[Dataset items]

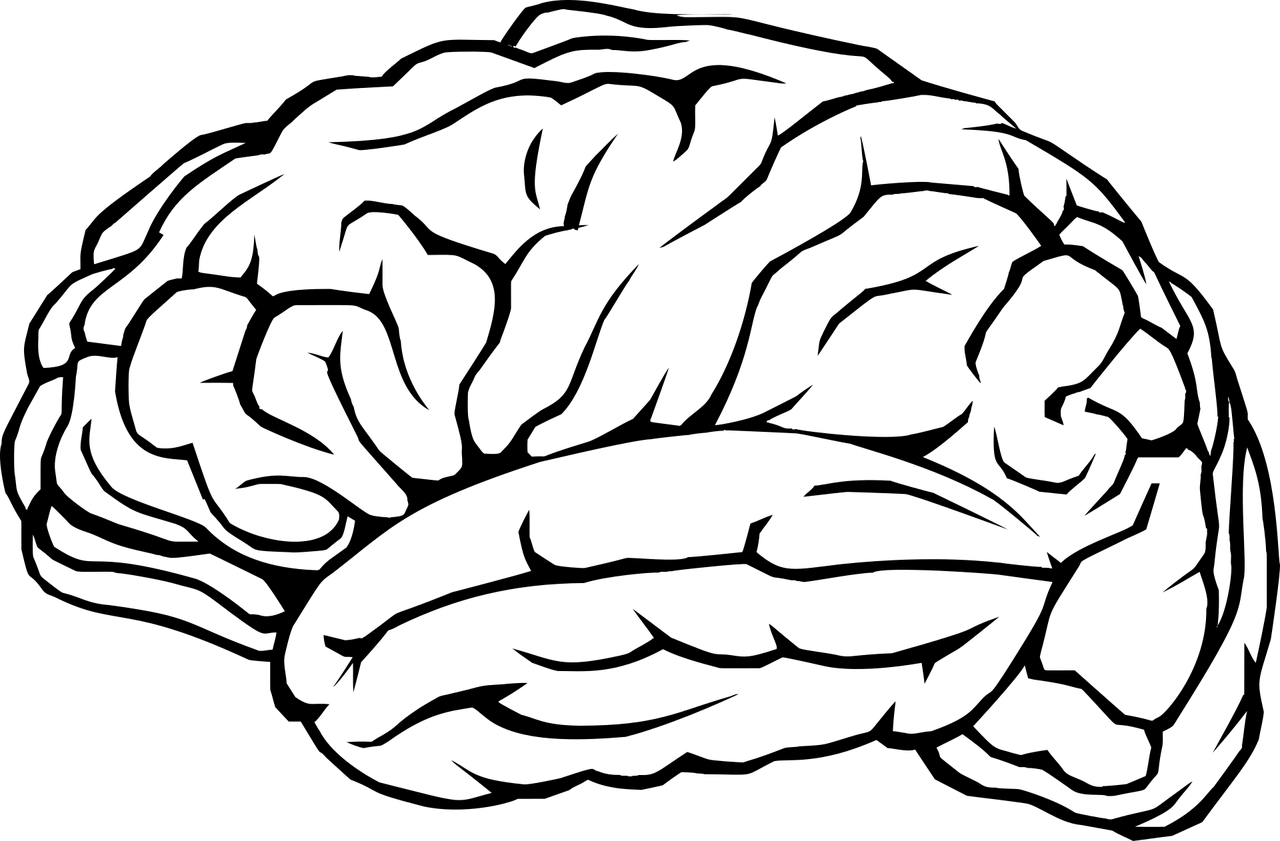 brain-one-side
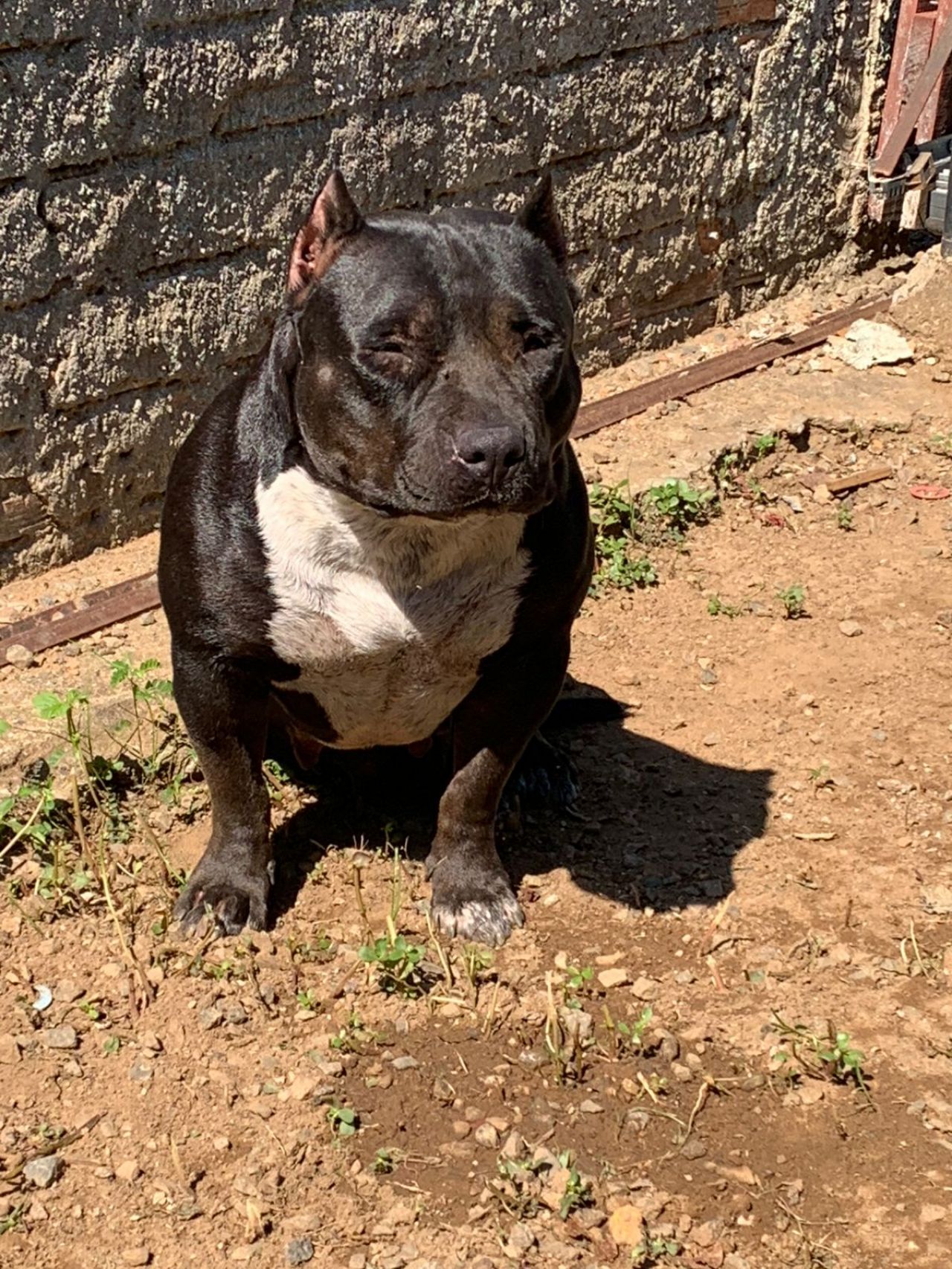 Photo of the dog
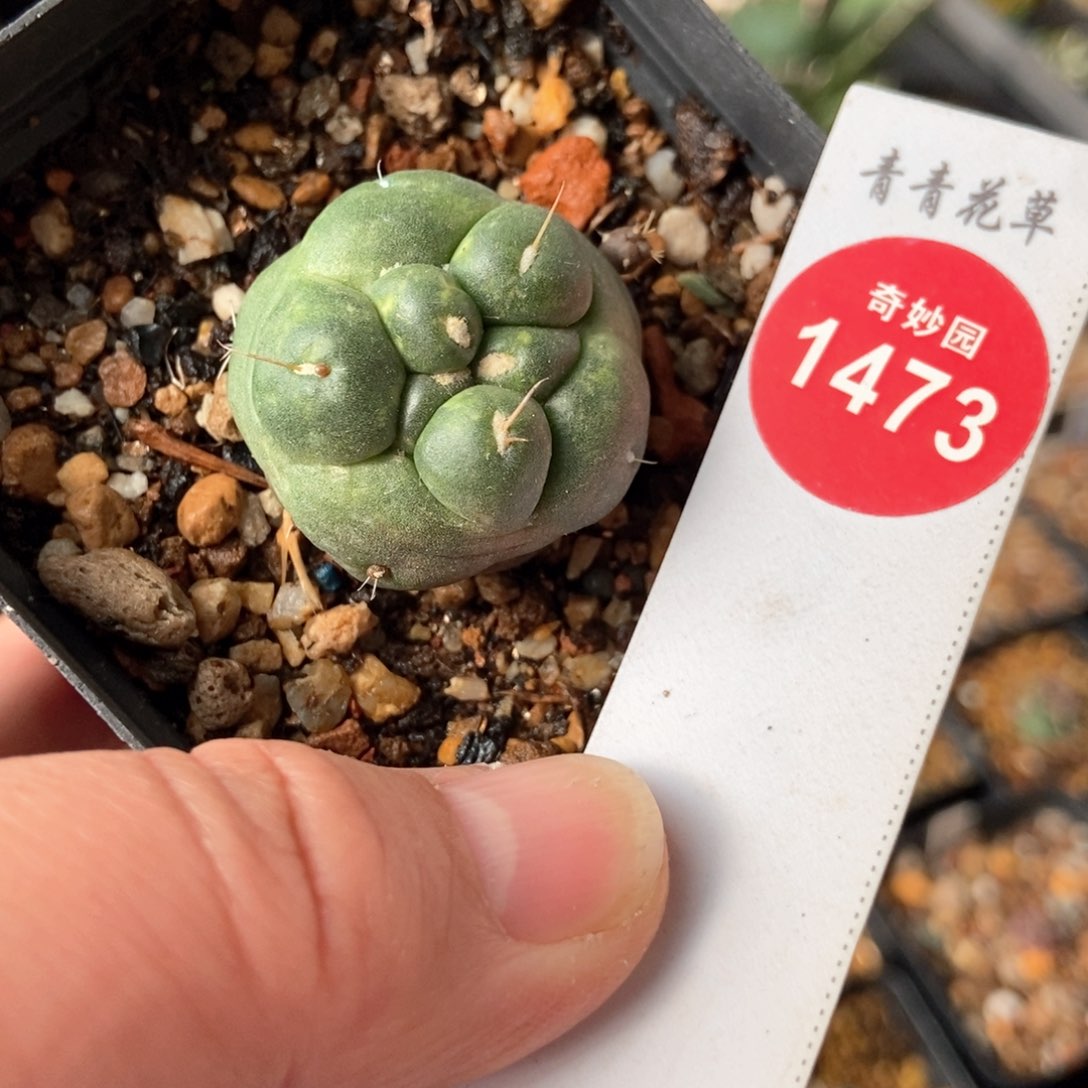 实生带崽无刺象牙2.8cm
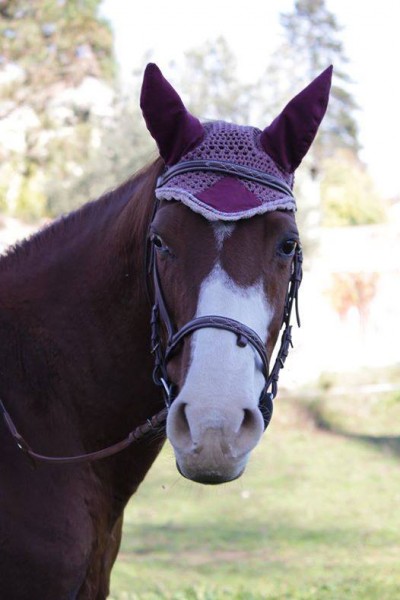 Photo de profil de elisadivertie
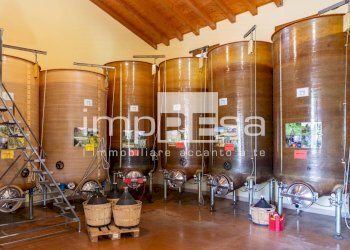 Foto 3 - Azienda agricola Ormelle - foto 3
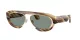 Giorgio Armani AR 8239 6065/1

• _Instructions for the task_:
Only the lines from the one containing "Photo de profil de elisadivertie" through the final line of the data should be given again, exactly and without pictures.

• _Finished exercise_:
 Photo de profil de elisadivertie
 Foto 3 - Azienda agricola Ormelle - foto 3
 Giorgio Armani AR 8239 6065/1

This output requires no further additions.